Norsjö IF
- Full name: Norsjö Idrottsförening
- Founded: 5 January 1919
- Ground: Rännaren Norsjö Sweden
- Coach: Andreas Bertils Dennis Jakobsson
- League: Division 4 Västerbotten Norra
- 2010: Division 3 Norra Norrland, 12th (Relegated)
| Home colours |

= Norsjö IF =

Swedish football club

Norsjö IF is a Swedish football club located in Norsjö in Västerbotten County.

==Background==
Since their foundation in 1919 Norsjö IF has participated mainly in the middle and lower divisions of the Swedish football league system. In 2010 the club played in Division 3 Norra Norrland which is the fifth tier of Swedish football but finished in last position and will play in Division 4 Västerbotten Norra for the 2011 season. They play their home matches at the Rännaren in Norsjö.

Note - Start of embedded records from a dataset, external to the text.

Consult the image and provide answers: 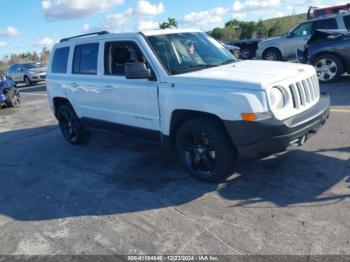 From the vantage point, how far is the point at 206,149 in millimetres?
4707

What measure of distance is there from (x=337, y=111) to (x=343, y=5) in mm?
16569

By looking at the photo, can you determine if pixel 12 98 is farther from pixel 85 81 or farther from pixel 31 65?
pixel 31 65

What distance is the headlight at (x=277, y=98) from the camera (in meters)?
4.04

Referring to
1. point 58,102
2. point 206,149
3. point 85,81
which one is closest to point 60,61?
point 58,102

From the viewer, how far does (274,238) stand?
3424mm

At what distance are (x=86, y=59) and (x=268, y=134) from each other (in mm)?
3586

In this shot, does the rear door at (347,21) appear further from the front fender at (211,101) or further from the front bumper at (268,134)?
the front fender at (211,101)

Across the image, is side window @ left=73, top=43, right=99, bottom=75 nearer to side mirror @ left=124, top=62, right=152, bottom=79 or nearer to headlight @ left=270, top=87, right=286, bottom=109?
side mirror @ left=124, top=62, right=152, bottom=79

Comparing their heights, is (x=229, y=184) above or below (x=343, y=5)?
below

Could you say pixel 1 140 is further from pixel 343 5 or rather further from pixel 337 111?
pixel 343 5

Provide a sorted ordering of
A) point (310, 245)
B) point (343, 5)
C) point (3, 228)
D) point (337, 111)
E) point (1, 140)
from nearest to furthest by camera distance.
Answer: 1. point (310, 245)
2. point (3, 228)
3. point (337, 111)
4. point (1, 140)
5. point (343, 5)

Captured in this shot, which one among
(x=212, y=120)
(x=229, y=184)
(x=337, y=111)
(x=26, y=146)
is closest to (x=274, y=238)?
(x=229, y=184)

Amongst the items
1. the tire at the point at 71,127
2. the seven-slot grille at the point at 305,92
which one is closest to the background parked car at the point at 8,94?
the tire at the point at 71,127

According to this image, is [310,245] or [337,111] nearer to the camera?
[310,245] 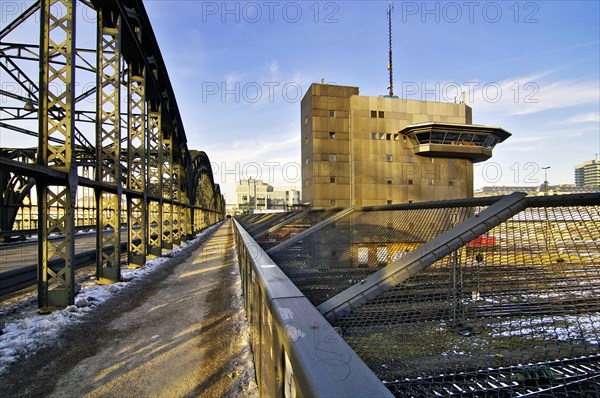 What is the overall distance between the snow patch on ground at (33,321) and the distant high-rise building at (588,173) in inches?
3102

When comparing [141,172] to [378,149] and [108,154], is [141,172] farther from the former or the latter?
[378,149]

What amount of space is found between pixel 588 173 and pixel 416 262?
95.3 meters

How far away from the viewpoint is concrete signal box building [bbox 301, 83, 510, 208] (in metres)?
36.4

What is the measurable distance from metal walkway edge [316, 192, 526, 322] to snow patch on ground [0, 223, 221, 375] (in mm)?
5623

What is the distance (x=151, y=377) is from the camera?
4.23 metres

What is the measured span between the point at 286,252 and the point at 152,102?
1807 cm

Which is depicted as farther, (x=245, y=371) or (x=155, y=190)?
(x=155, y=190)

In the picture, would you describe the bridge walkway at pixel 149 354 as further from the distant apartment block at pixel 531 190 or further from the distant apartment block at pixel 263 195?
the distant apartment block at pixel 263 195

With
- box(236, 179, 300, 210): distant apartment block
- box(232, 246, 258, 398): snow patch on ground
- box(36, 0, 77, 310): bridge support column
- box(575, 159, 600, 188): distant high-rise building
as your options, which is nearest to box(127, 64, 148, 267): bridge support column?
box(36, 0, 77, 310): bridge support column

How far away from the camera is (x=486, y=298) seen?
11.0 feet

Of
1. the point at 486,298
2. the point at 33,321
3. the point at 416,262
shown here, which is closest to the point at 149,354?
the point at 33,321

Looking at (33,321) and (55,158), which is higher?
(55,158)

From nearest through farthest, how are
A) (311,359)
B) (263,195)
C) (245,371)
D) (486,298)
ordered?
(311,359), (486,298), (245,371), (263,195)

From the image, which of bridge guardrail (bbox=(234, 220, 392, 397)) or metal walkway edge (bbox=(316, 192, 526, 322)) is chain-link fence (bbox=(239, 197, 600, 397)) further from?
bridge guardrail (bbox=(234, 220, 392, 397)) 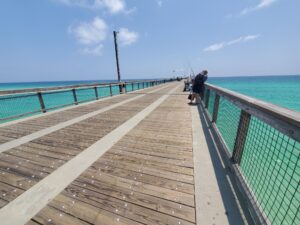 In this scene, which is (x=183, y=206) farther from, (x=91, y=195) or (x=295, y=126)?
(x=295, y=126)

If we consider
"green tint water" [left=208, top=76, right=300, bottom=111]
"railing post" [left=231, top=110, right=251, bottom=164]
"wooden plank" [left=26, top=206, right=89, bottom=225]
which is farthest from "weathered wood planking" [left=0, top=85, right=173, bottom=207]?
"green tint water" [left=208, top=76, right=300, bottom=111]

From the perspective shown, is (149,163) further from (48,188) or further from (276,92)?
(276,92)

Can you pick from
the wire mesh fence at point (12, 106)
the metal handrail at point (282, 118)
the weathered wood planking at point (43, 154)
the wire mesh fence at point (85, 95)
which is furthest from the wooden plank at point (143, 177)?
the wire mesh fence at point (85, 95)

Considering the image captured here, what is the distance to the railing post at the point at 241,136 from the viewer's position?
2.15 metres

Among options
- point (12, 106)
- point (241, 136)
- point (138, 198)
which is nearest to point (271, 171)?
point (241, 136)

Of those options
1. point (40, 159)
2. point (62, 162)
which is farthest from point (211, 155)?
point (40, 159)

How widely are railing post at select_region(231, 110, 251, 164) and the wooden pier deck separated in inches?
16.6

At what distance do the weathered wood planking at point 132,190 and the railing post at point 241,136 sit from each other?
0.69m

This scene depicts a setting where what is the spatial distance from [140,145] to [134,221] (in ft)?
5.86

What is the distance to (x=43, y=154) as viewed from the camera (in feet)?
10.2

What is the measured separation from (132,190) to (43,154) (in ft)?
6.69

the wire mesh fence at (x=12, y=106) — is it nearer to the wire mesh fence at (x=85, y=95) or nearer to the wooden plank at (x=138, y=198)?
the wire mesh fence at (x=85, y=95)

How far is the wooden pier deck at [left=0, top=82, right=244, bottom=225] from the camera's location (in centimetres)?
178

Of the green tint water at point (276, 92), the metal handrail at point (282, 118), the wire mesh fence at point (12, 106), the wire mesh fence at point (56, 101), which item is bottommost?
the green tint water at point (276, 92) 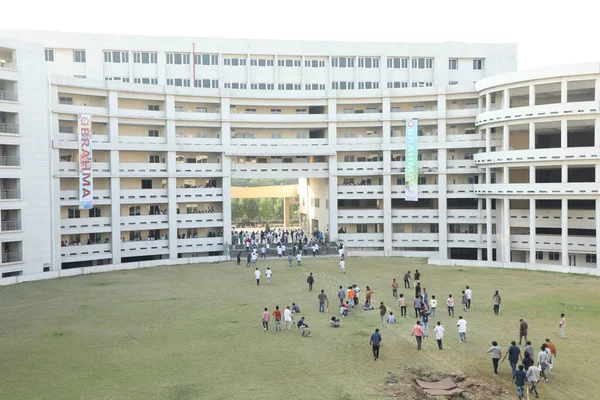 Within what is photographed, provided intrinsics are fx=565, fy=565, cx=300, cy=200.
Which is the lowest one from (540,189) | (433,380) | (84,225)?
(433,380)

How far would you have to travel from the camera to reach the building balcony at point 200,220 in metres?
Result: 61.3

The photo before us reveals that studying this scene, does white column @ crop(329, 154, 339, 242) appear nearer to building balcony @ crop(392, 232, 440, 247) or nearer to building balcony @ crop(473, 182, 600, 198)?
building balcony @ crop(392, 232, 440, 247)

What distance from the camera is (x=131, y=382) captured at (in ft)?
69.4

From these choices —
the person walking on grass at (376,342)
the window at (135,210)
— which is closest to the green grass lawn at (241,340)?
the person walking on grass at (376,342)

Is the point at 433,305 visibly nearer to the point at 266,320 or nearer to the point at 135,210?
the point at 266,320

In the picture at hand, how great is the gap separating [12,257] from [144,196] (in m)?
15.7

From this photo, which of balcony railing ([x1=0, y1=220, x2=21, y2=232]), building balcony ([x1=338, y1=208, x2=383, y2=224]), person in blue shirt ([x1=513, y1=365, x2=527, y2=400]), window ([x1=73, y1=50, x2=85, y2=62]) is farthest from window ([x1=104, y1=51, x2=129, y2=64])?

Norsjö IF are affiliated to the Västerbottens Fotbollförbund.

==Season to season==

| Season | Level | Division | Section | Position | Movements |
|---|---|---|---|---|---|
| 1993 | Tier 5 | Division 4 | Västerbotten Norra | 2nd |  |
| 1994 | Tier 5 | Division 4 | Västerbotten Norra | 2nd | Promotion Playoffs |
| 1995 | Tier 5 | Division 4 | Västerbotten Norra | 4th |  |
| 1996 | Tier 5 | Division 4 | Västerbotten Norra | 5th |  |
| 1997 | Tier 5 | Division 4 | Västerbotten Norra | 4th |  |
| 1998 | Tier 5 | Division 4 | Västerbotten Norra | 7th |  |
| 1999 | Tier 5 | Division 4 | Västerbotten Norra | 1st | Promotion Playoffs – Promoted |
| 2000 | Tier 4 | Division 3 | Norra Norrland | 10th | Relegated |
| 2001 | Tier 5 | Division 4 | Västerbotten Norra | 6th |  |
| 2002 | Tier 5 | Division 4 | Västerbotten Norra | 6th |  |
| 2003 | Tier 5 | Division 4 | Västerbotten Norra | 8th |  |
| 2004 | Tier 5 | Division 4 | Västerbotten Norra | 6th |  |
| 2005 | Tier 5 | Division 4 | Västerbotten Norra | 2nd | Promotion Playoffs |
| 2006* | Tier 6 | Division 4 | Västerbotten Norra | 7th |  |
| 2007 | Tier 6 | Division 4 | Västerbotten Norra | 7th |  |
| 2008 | Tier 6 | Division 4 | Västerbotten Norra | 1st | Promoted |
| 2009 | Tier 5 | Division 3 | Norra Norrland | 6th |  |
| 2010 | Tier 5 | Division 3 | Norra Norrland | 12th | Relegated |
| 2011 | Tier 6 | Division 4 | Västerbotten Norra |  |  |

- League restructuring in 2006 resulted in a new division being created at Tier 3 and subsequent divisions dropping a level.

==Attendances==

In recent seasons Norsjö IF have had the following average attendances:

| Season | Average attendance | Division / Section | Level |
|---|---|---|---|
| 2008 | Not available | Div 4 Västerbotten Norra | Tier 6 |
| 2009 | 246 | Div 3 Norra Norrland | Tier 5 |
| 2010 | 108 | Div 3 Norra Norrland | Tier 5 |

- Attendances are provided in the Publikliga sections of the Svenska Fotbollförbundet website.